Quant à l’idée (entendue ici ou là) que la présence de l’EHESS dans cette zone d’Aubervilliers, va créer une synergie avec les milieux populaires des alentours et ainsi, « rapprocher les sciences sociales des banlieues » (sic), on peut en douter pour la simple raison que, pour l’instant du moins, la zone ne comporte pas, à proximité, d’habitants, mais presqu’exclusivement des entrepôts. Seule une politique active, si tant est qu’elle soit judicieuse, pourrait permettre ce genre de dynamique entre l’EHESS et son nouvel environnement.

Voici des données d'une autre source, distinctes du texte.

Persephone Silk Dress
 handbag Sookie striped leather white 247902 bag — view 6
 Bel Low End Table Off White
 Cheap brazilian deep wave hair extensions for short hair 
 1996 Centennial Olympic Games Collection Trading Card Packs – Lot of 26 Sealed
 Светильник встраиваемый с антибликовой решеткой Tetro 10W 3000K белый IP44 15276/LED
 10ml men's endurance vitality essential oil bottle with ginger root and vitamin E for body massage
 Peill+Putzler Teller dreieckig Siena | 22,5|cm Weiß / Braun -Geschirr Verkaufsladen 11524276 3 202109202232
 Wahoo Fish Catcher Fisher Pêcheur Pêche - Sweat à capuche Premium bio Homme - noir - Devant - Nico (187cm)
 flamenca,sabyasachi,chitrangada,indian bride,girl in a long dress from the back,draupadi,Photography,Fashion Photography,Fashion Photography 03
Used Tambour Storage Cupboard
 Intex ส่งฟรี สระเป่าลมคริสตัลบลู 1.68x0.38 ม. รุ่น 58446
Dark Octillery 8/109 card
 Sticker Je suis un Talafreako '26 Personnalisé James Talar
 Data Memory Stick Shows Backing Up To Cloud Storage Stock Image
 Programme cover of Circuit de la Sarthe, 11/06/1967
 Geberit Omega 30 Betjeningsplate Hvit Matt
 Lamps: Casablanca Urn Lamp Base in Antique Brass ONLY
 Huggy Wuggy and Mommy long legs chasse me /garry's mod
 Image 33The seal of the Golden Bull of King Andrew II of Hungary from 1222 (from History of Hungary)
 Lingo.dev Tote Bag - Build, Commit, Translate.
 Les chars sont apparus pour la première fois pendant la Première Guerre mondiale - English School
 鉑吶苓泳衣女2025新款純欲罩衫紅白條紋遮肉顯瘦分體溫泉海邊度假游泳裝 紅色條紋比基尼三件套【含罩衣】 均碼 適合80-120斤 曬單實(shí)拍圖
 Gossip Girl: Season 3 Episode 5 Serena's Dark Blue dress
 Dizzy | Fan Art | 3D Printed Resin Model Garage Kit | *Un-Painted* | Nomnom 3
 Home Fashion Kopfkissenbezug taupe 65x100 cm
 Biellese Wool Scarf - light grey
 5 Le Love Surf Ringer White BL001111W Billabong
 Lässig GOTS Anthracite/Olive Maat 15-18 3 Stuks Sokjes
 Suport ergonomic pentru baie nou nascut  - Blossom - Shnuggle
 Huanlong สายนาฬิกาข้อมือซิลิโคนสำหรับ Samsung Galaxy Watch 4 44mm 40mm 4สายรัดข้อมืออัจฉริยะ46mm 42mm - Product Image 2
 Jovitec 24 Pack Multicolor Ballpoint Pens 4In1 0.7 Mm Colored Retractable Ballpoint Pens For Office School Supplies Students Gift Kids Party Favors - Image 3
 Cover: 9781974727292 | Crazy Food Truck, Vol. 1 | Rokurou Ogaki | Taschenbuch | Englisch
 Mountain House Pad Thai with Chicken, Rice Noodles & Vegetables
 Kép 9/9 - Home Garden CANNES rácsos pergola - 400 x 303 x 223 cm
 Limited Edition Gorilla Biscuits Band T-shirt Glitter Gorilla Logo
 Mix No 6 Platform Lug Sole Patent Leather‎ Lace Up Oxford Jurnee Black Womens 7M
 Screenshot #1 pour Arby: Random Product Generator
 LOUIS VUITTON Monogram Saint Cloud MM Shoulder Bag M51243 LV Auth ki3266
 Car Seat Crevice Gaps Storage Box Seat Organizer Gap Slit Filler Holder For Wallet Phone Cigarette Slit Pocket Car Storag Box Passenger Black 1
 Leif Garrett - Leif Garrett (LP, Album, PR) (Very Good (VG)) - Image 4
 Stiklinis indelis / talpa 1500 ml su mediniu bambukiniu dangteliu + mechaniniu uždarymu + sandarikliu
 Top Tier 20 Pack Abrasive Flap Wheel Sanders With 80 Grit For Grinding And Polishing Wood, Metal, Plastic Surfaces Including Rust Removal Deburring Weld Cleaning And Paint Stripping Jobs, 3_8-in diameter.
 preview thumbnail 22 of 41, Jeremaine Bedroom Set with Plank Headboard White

Dans cette perspective, l’exemple de Sciences-po semble bien plus probant: permettre, dans un premier temps, à des jeunes issus des « banlieues » de venir étudier dans le cœur de Paris, et mieux encore, dans un quartier où se concentrent les pouvoirs politiques et intellectuels ; puis, dans un second temps, établir une extension (et non pas: déménager) dans une commune de la banlieue parisienne, afin de fortifier ce lien.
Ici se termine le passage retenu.